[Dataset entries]
■ ■ ■ ■ ■ ■ ■
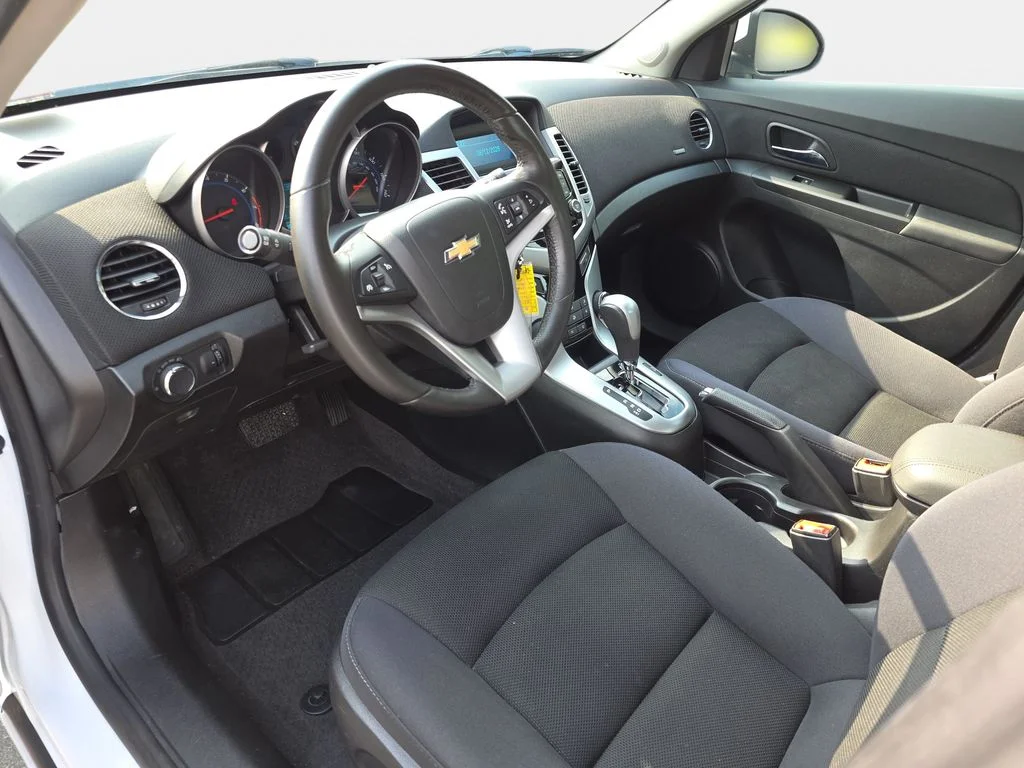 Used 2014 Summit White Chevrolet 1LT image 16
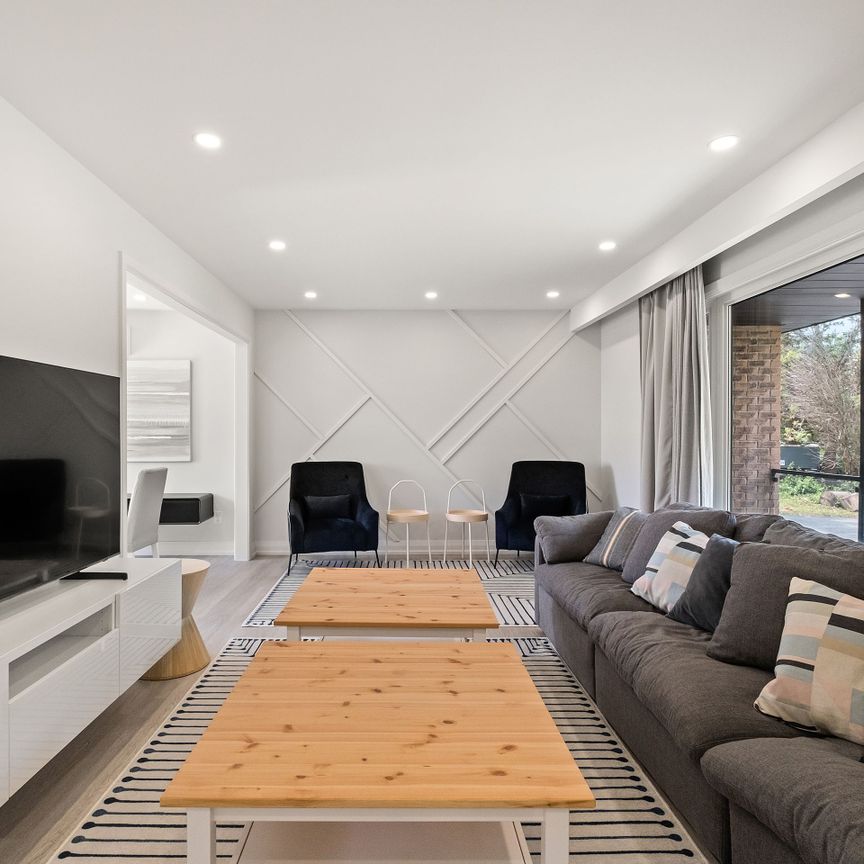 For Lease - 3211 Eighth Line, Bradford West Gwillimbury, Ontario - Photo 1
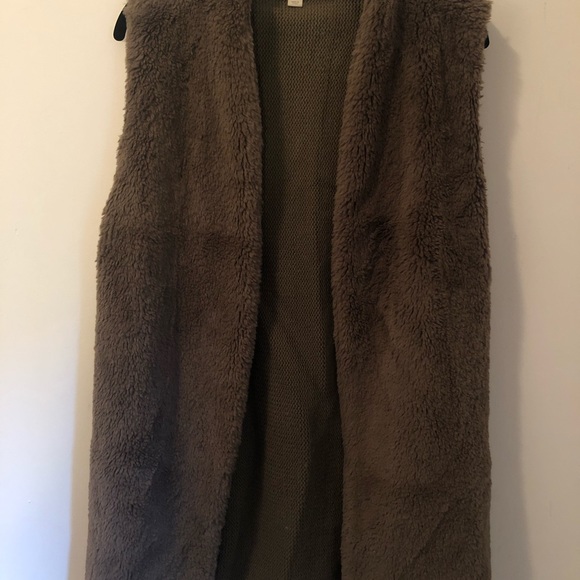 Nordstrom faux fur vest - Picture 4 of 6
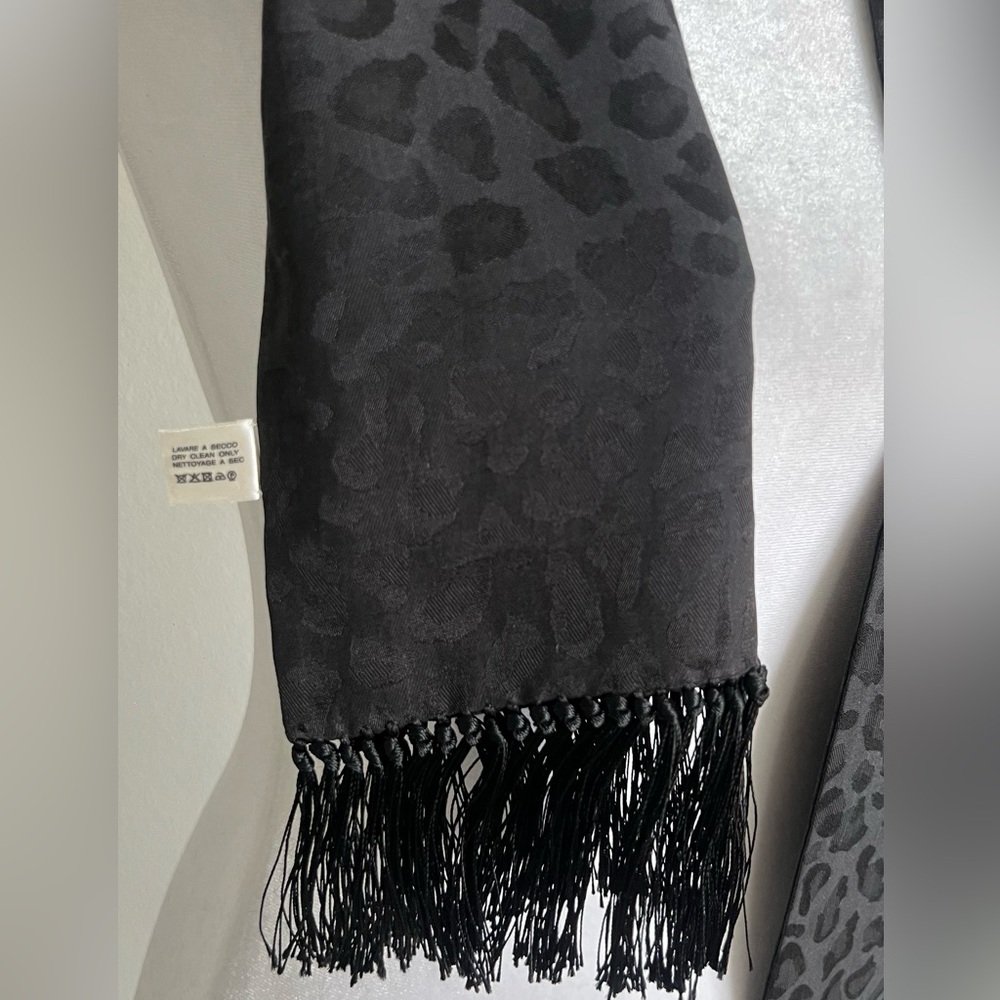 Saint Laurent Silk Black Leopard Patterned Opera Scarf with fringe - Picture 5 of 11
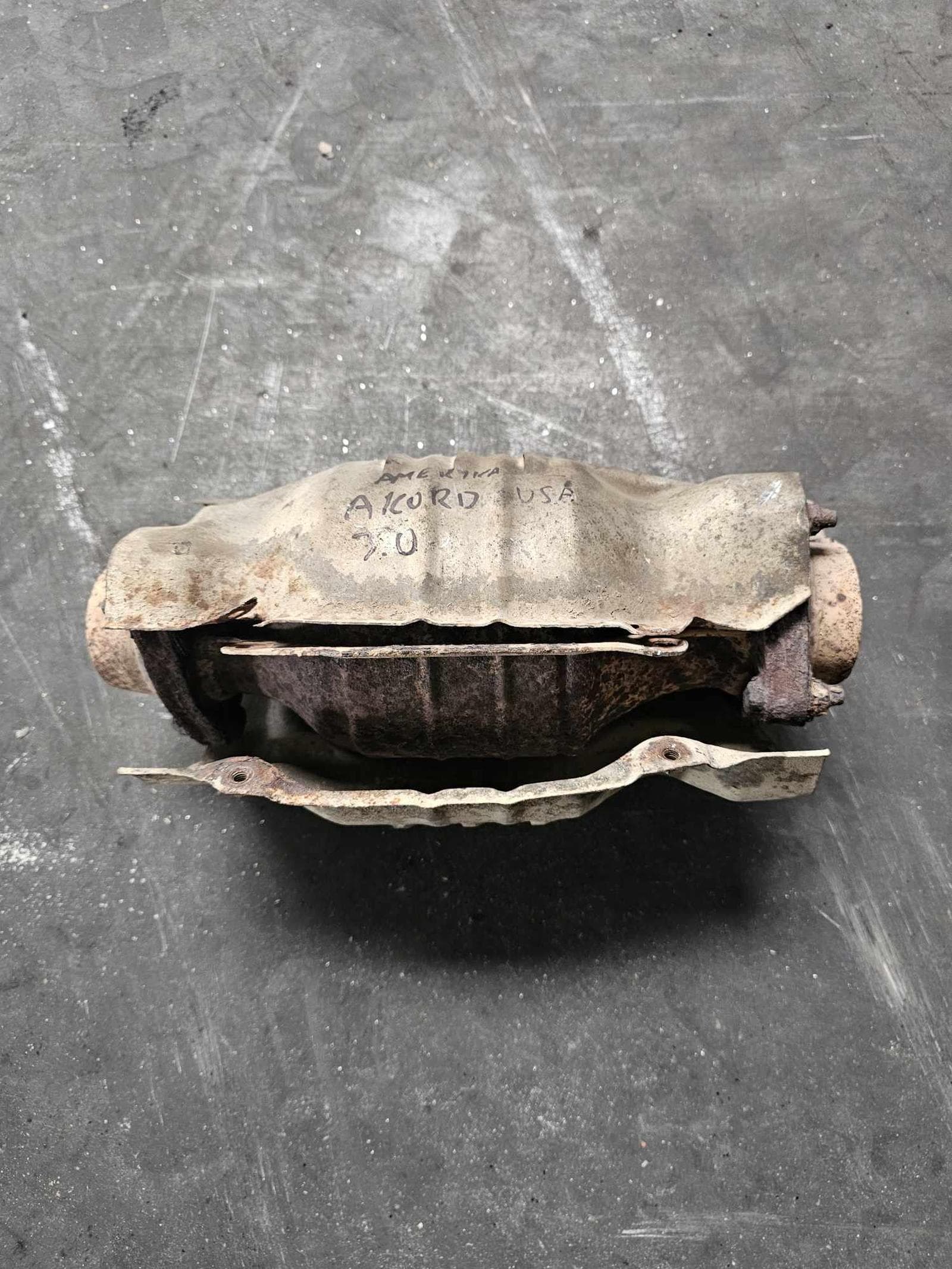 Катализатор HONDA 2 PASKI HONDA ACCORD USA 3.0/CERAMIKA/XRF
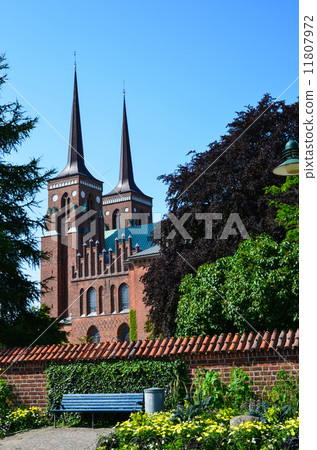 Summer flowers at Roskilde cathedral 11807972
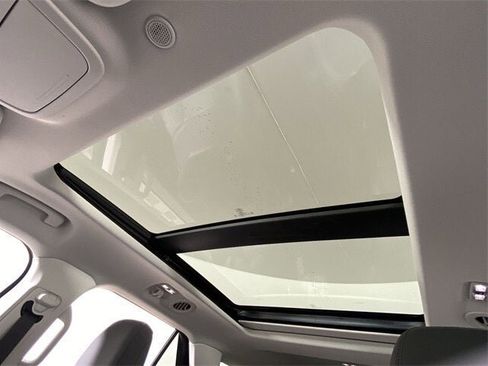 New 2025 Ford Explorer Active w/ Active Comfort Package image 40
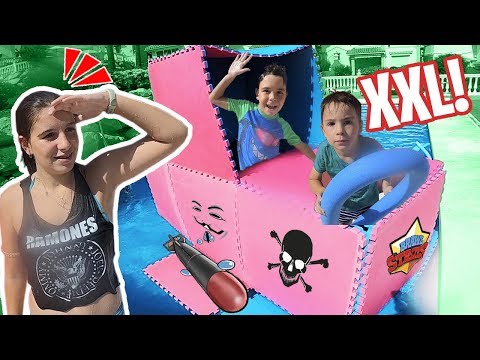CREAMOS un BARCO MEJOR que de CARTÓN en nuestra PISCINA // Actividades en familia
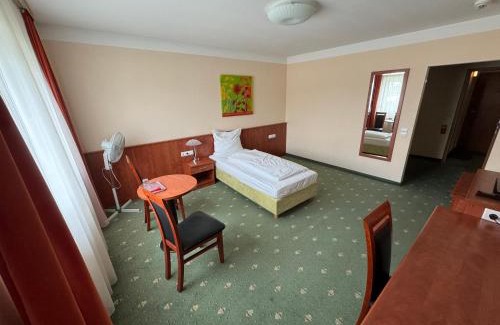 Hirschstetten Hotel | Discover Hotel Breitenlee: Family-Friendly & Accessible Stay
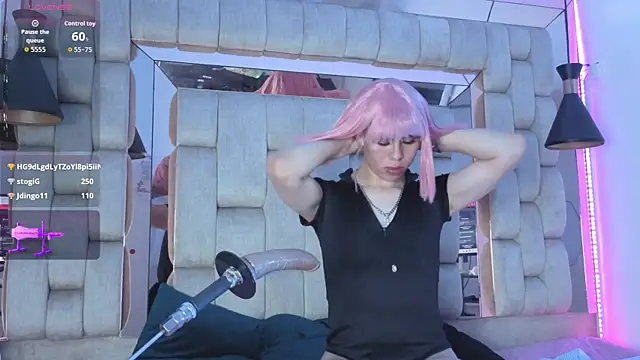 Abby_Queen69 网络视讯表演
■ ■ ■ ■ ■ ■ ■
Exercise instructions | Locate "Hirschstetten Hotel |" in the entries above. Copy, exactly and only, the lines from that line to the end, leaving out the pictures.

Reply to the task |
 Hirschstetten Hotel | Discover Hotel Breitenlee: Family-Friendly & Accessible Stay
 Abby_Queen69 网络视讯表演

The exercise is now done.